At the end of the game, your score consists of three things: the sum of all the sculptures your meeples can see in their lines of sight; bonuses based on multiple sculptures of the same type in any single meeple's line of sight; and tiles in hand that are worth as much or less than a sculpture of that type that at least one of your meeples can see. Most points come from the first total, and all scoring requires you to get as many sculptures in front of your meeples as possible.

It sounds relaxing until you realize the flip side of this is that you can also make sure as few sculptures as possible are in front of your opponents' meeples.

The theme of this game does not match the play at all, because this game is a total fuck-you hate fest. If you have a 5-height sculpture in hand and an opponent is setting up a long visible line, drop that thing in front of all the other sculptures and that meeple's only getting five points. You can frequently screw people out of more than five points that way, and sometimes create a line for yourself where that five is at the back, making tactics of screwing over your opposition usually more effective than playing peacefully and just trying to help yourself.
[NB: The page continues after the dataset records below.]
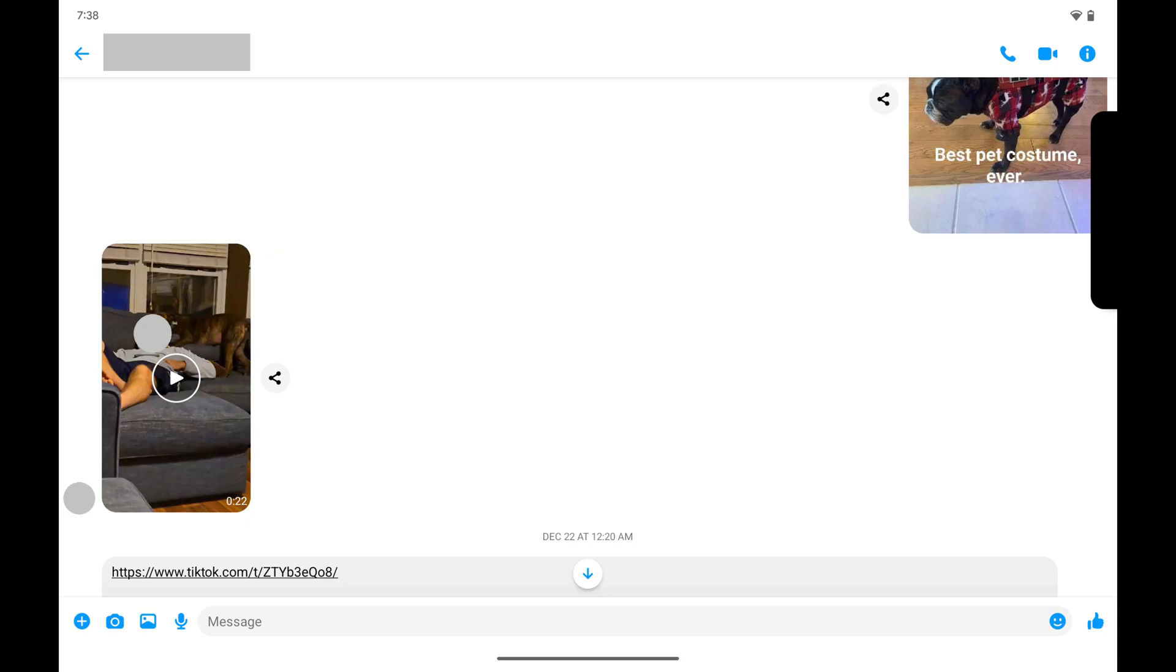Step 1. Open the Facebook Messenger chat on your Android device where someone sent you the video that you want to save to your iPhone or iPad.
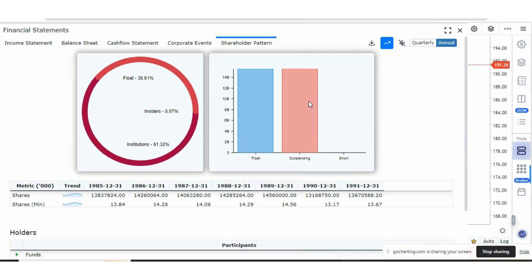Those were the updates for now. One more video on updates will come, which will cover how to manage your drawings, do groupings of drawings and indicators. Thank you!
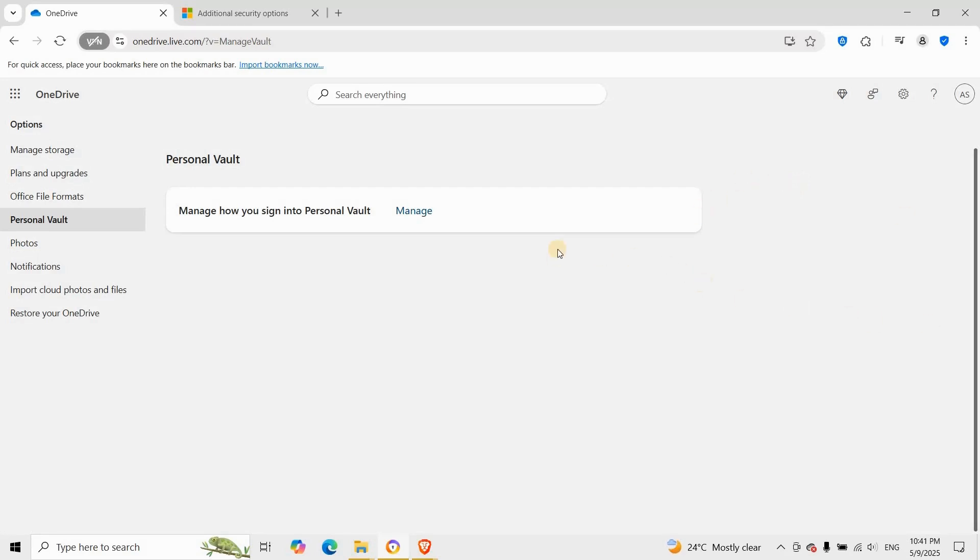And that's how you remove personal vault from OneDrive. It's a secure feature, but if it's not your style, disabling it is just a few clicks away.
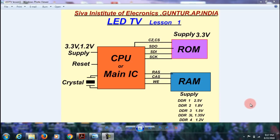LED TV and LCD TV are also the same. Now I will explain how to troubleshoot any motherboard — that means laptop, desktop, LCD TV, LED TV, or plasma TV. In any of these, three chips will come: CPU, ROM, and RAM.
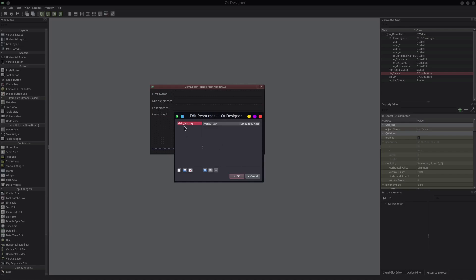Now we have the resource file. In order to start adding icons to that resource file, we need to create a prefix. I'm going to hit the add prefix button. For this prefix, I'm going to say 'button icons'. I can add as many prefixes as I want to separate my application icons — for example, a main window icon or toolbar buttons. In this particular case, we're going to just have one for button icons.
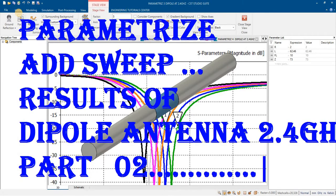In part 1 we designed a dipole antenna for operating frequency 2.4 GHz. Now we will see how to add the sweep in the length of dipole, in the radius of dipole, and in the feed line gap of dipole.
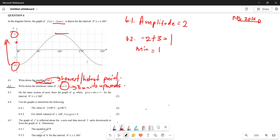Similarly, if they were looking for the maximum point, you would say 2 plus 3, which means the maximum point would be 5. So that is your minimum and maximum for this transformed graph.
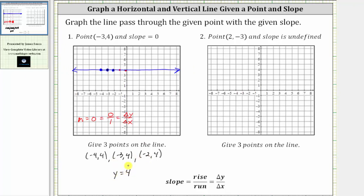Next, we're asked to graph the line with the point two comma negative three, and the slope is undefined. Let's first plot the given point of two comma negative three. From the origin, we move right two and down three. Because the slope is undefined, we want to write a fraction that will be undefined. Since division by zero is undefined, one option for the slope would be m equals one divided by zero.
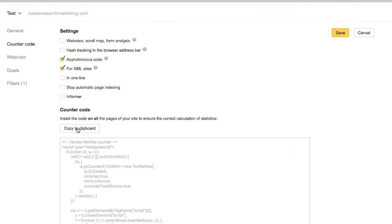These settings will modify the counter code, which can then be copied and installed on all your website pages.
Unless, of course, everyone knows how to fuck each other over and so everyone plays carefully so as to minimize the ability of others to screw them.

It's a little weird to rate how good this game is, because the expectation of what you're going to get looking at the box is entirely undercut by the gameplay. I can't think of an aesthetic off-hand that would have worked particularly well, but almost anything would have been better than this. That said, the game itself is reasonably good, but its casual setup doesn't really fit the strategy required to win. It does not appear to be the intent of the creator to make a game where someone is almost guaranteed to be called a son of a bitch at some point. That's what we have, though.

Topiary is a light game with some clever ideas; a casual design with a rage-inducing best strategy. It's a game worth playing, but at the same time I don't know what type of player I would recommend this to. Maybe one who's willing to draw angry faces in sharpie on the tiles.

Score: Seven growly-looking T-Rex trees out of eleven.